Il coraggio. È una parola che torna di continuo, nella seconda stagione. Quasi il suo motivo ispiratore. Ed è in nome di esso che emergono i momenti più intensi e le frasi più belle. Le parole che ci pongono di fronte a tutte le nostre paure: «Non puoi vincere una lotta proteggendo te stesso», rivela Sun quando le chiedono se è disposta a rischiare la vita per sconfiggere i loro nemici. E non è forse, questo, quel respiro che manca quando decidiamo di rivelare noi stessi? Decidiamo di smettere di proteggere il nostro castello di bugie e di non detti per qualcosa di più grande: la pienezza della nostra vita. «La paura non ha mai risolto niente», continua Wolfgang. E poi ritorna lo splendido personaggio di Nomi, che dà un senso profondo e politico, a quel coraggio quando dice: «La tua vita può essere definita dal sistema o dal modo in cui sfidi il sistema». Non è quello che chiamiamo “autodeterminazione”, quel ribellarsi alla norma?
Tutti questi elementi – ora palesi come le ambientazioni nei vari pride, da San Francisco a San Paolo del Brasile, ora più indiretti – si sposano a tematiche altre, come quella della solidarietà femminile di fronte alla violenza di genere, come nel rapporto tra la splendida Sun e le sue compagne di cella.
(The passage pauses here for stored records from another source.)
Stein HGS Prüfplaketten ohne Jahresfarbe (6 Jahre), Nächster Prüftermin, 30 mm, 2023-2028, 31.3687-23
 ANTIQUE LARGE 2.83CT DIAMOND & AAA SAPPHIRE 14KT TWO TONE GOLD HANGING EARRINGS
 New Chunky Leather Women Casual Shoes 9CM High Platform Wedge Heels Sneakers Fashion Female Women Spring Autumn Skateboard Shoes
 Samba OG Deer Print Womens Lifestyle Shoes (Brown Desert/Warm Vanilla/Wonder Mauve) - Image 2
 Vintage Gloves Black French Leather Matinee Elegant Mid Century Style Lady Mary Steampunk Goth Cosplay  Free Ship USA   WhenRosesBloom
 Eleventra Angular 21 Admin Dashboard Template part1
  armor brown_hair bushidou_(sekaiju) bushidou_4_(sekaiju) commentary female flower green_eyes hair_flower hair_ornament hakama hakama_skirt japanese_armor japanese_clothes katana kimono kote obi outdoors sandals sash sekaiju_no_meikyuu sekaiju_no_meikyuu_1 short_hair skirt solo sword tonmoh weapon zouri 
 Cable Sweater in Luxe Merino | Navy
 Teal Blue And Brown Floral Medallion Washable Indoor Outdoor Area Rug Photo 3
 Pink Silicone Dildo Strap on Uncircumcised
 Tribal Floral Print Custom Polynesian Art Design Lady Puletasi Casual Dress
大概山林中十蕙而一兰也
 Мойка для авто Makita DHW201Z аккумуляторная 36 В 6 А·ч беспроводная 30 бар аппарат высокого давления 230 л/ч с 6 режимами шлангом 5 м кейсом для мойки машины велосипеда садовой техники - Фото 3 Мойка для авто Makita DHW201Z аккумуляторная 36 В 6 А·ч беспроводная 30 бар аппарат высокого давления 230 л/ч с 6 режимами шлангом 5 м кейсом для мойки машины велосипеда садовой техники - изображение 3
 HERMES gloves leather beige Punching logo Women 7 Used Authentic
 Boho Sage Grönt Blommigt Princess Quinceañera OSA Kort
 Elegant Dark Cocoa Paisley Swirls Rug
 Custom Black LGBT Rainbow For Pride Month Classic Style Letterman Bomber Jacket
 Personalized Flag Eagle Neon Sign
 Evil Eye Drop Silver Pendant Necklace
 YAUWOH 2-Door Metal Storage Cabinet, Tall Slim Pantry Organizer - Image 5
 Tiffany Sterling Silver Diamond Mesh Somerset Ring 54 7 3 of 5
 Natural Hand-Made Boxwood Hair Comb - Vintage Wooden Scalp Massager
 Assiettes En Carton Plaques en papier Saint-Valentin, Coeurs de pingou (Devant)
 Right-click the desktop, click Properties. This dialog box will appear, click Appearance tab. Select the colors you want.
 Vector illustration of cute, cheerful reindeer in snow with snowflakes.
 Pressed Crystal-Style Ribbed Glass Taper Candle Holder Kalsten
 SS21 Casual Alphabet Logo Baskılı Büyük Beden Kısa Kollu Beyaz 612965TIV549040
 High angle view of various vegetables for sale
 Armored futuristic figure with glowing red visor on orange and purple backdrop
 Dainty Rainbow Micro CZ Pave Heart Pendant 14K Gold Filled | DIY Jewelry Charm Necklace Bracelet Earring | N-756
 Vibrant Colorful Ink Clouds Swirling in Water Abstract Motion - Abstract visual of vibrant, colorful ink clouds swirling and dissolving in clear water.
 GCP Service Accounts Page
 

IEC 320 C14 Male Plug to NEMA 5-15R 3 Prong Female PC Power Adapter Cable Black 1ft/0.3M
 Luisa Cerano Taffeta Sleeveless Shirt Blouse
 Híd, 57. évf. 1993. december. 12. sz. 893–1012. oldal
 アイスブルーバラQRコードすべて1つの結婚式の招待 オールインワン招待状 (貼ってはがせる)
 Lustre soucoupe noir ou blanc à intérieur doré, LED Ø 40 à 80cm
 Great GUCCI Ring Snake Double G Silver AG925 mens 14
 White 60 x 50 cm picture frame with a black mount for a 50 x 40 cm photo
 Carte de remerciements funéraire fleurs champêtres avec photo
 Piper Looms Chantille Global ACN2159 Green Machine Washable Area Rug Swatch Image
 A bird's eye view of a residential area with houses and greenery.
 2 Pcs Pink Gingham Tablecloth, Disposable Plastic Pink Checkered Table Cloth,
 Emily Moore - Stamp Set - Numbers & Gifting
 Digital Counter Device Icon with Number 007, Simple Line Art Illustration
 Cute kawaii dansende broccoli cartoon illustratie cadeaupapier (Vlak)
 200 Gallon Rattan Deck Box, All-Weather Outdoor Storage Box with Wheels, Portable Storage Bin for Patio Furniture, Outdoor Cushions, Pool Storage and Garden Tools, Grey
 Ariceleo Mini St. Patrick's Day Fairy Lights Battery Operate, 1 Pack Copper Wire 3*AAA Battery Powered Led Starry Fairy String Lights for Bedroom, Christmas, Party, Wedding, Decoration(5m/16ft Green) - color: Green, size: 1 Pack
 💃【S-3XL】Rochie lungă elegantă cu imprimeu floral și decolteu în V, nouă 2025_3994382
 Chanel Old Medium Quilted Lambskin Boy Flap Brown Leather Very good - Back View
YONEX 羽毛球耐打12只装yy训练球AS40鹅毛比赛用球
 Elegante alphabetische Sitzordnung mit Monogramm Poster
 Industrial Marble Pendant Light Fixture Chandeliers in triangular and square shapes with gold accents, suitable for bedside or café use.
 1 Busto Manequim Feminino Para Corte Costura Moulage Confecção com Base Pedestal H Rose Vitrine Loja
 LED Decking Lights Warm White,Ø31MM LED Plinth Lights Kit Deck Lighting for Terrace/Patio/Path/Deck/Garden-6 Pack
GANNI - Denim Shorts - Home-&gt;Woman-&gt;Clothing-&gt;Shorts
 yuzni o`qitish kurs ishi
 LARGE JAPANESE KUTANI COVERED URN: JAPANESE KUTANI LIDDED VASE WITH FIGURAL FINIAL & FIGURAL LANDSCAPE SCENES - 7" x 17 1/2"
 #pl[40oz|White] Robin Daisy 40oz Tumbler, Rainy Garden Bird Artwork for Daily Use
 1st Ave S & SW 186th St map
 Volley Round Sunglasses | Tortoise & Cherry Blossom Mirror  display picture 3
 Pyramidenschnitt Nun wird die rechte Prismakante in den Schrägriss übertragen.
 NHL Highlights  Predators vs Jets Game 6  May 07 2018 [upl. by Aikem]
O la critica sulla povertà e alle diseguaglianze sociali, come avviene per il filone incentrato su Cafeus. Temi che ci vengono restituiti attraverso una fotografia, delicata e allo stesso tempo potente ed evocativa, da una regia che si trasforma in poesia dell’immagine e dal supporto di una colonna sonora capace di vette di intenso lirismo. Un’opera non solo da vedere, per il gusto della narrazione, ma in cui ritrovare il senso di battaglie che sono le nostre. Per rispecchiarsi in qualcosa di più di un modello positivo: un modello in cui essere diversi è colonna portante e non più eccezione da comprendere e valorizzare. Un passo avanti notevole.